Ricin, one of the most potent protein-based toxins in nature, belongs to the Type II group of ribosome-inactivating proteins (RIPs). Ricin is composed of two subunits: RTA and RTB. The binding subunit RTB is a galactose-specific lectin which promotes toxin attachment to the cell and retrograde trafficking from the plasma membrane to the trans-Golgi network. The enzymatic subunit RTA, an RNA N-glycosidase, mediates the depurination of a single adenine residue within the sarcin–ricin loop of eukaryotic ribosomal RNA and activates multiple stress-activated protein kinase networks and programmed cell death pathways. Although it is well documented that the ribosome represents the primary target for ricin, the underlying molecular basis of cytotoxicity and cellular malfunctions that lead to clinical symptoms remain poorly understood.
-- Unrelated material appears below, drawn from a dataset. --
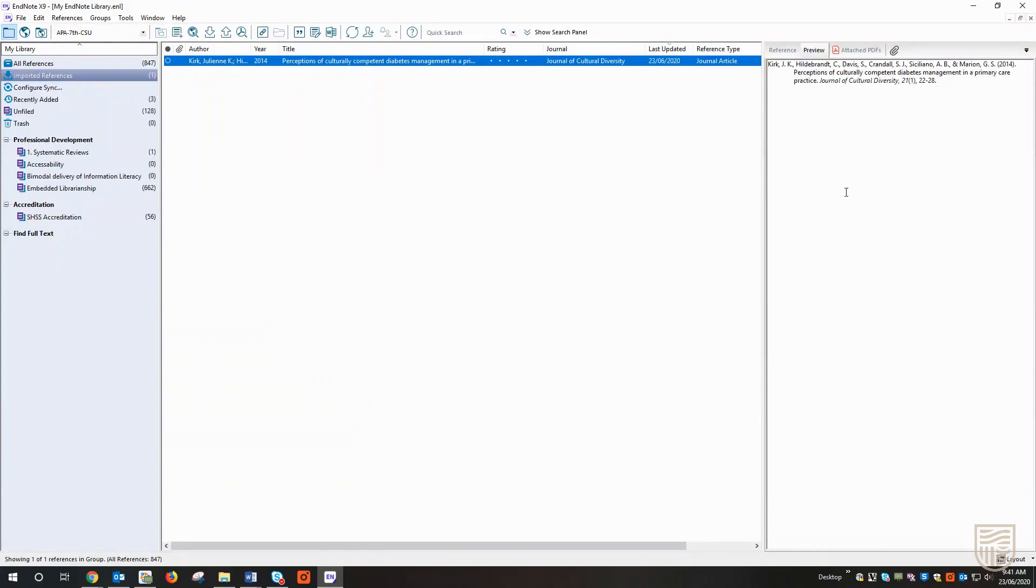Now again, this is an example of why it's important to have an understanding of your preferred referencing style so that you can quickly identify the need to make these adjustments as you bring them in from the database.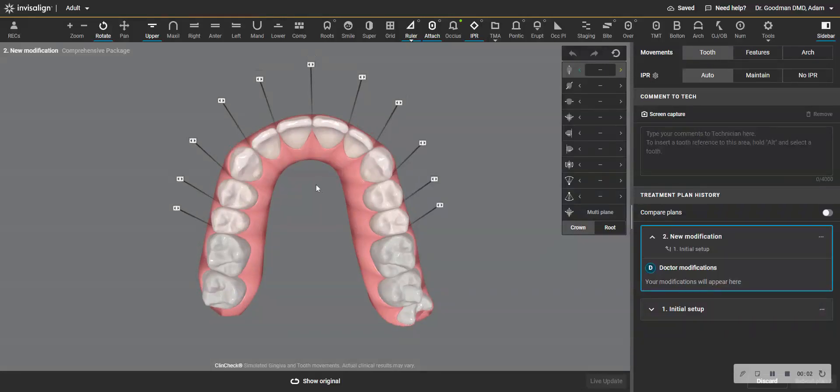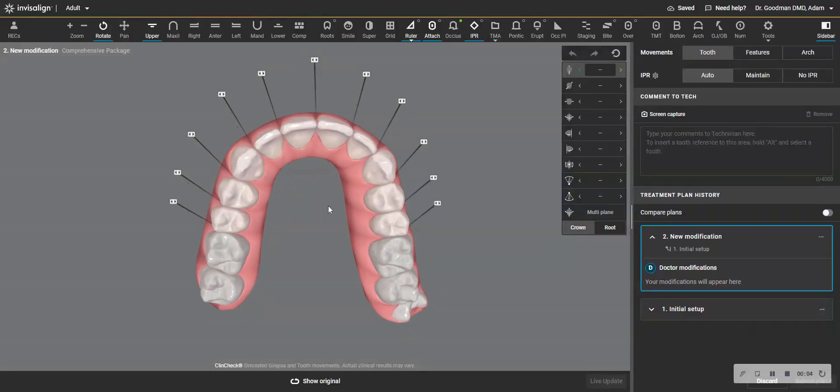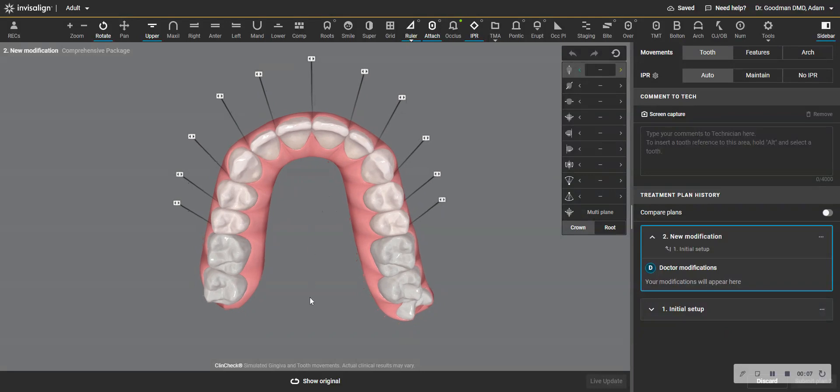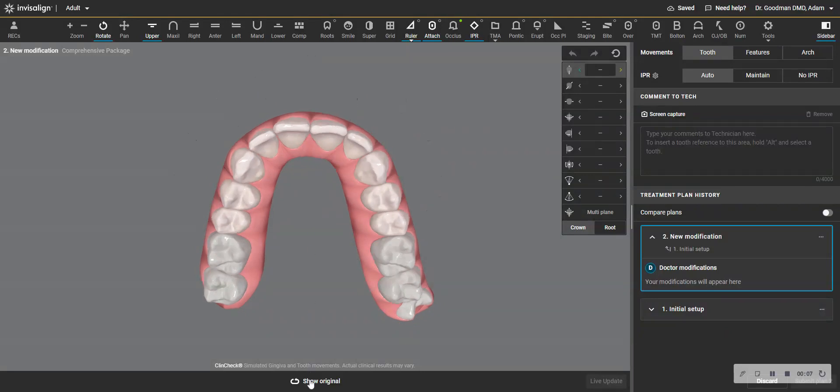Hey, I want to show you a tip that you can use in your cases to make things more predictable. Now, I'm not going to go over the whole case. This is where we're starting.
The cytotoxicity of ricin is clearly related to a combination of effects, including ribotoxic stress, intracellular trafficking, ROS production, ER stress, JNK- and p38-dependent cascades, and activation of apoptosis, but their interdependence and relationship with depurination and translation inhibition has yet to be elucidated. The scope of this Special Issue will be centered on broad aspects of ricin toxicity and other RIP proteins, including the biology of ricin/RIPs, molecular action of the toxins, cell signaling in connection to toxicokinetics, pathophysiology, medical treatment, and all consequences of ricin/RIPs intoxication.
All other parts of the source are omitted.